The key to what was called a "historic" ruling against the secretive and powerful Calabrian gangsters was evidence given by Garofalo's 20-year-old daughter Denise against her father, Carlo Cosco.
"This sentence will go down in history in this country," said Father Luigi Ciotti, an anti-mafia campaigner. "We need to bow down before this girl who has broken the mafia's omerta."
Lea Garofalo first broke ranks in 2002 with the'Ndrangheta, which has grown into a global drug and arms trading organisation worth around $70.2 billion, or 3.5 per cent of Italy's GDP. After giving investigators details of a bloody civil war between two'Ndrangheta families that left 40 dead, Garofalo left a witness protection programme in 2006 and moved with Denise out of Calabria to a house found for her by Cosco.

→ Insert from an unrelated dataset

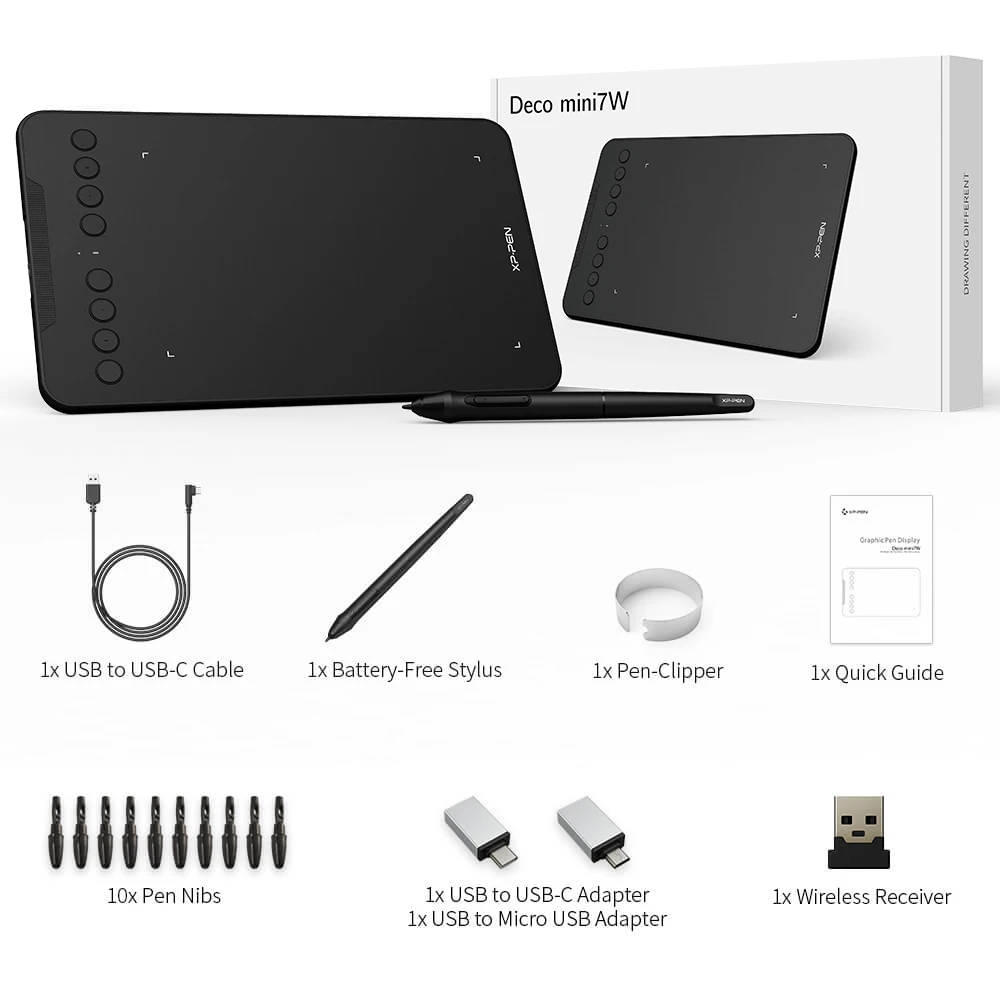 8 Inches USB Art Digital Graphic Tablet Digital Drawing Board With 8192 Level Pen Pressure Stylus For Online Teaching
8 Inches USB Art Digital Graphic Tablet Digital Drawing Board With 8192 Level Pen Pressure Stylus For Online Teaching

He tried to kill Garofalo, sending a hit man to the house disguised as a workman. Denise said the man fled after her mother fought him off with a knife. Six months later, Cosco lured mother and daughter to Milan promising to discuss Denise's university studies. While Denise visited family members in the city, Garofalo accepted a dinner invitation from Cosco, only to be bundled into a van and driven to an isolated warehouse near Monza, where two of his brothers, Vito and Giuseppe Cosco, tortured and killed her.
Now living under police protection, Denise listened to the verdict in a room adjacent to the main court, where her father and uncles sat in the dock. Cosco, who was given two years' isolation on top of his life sentence, denied the charges and claimed Garofalo had fled to Australia.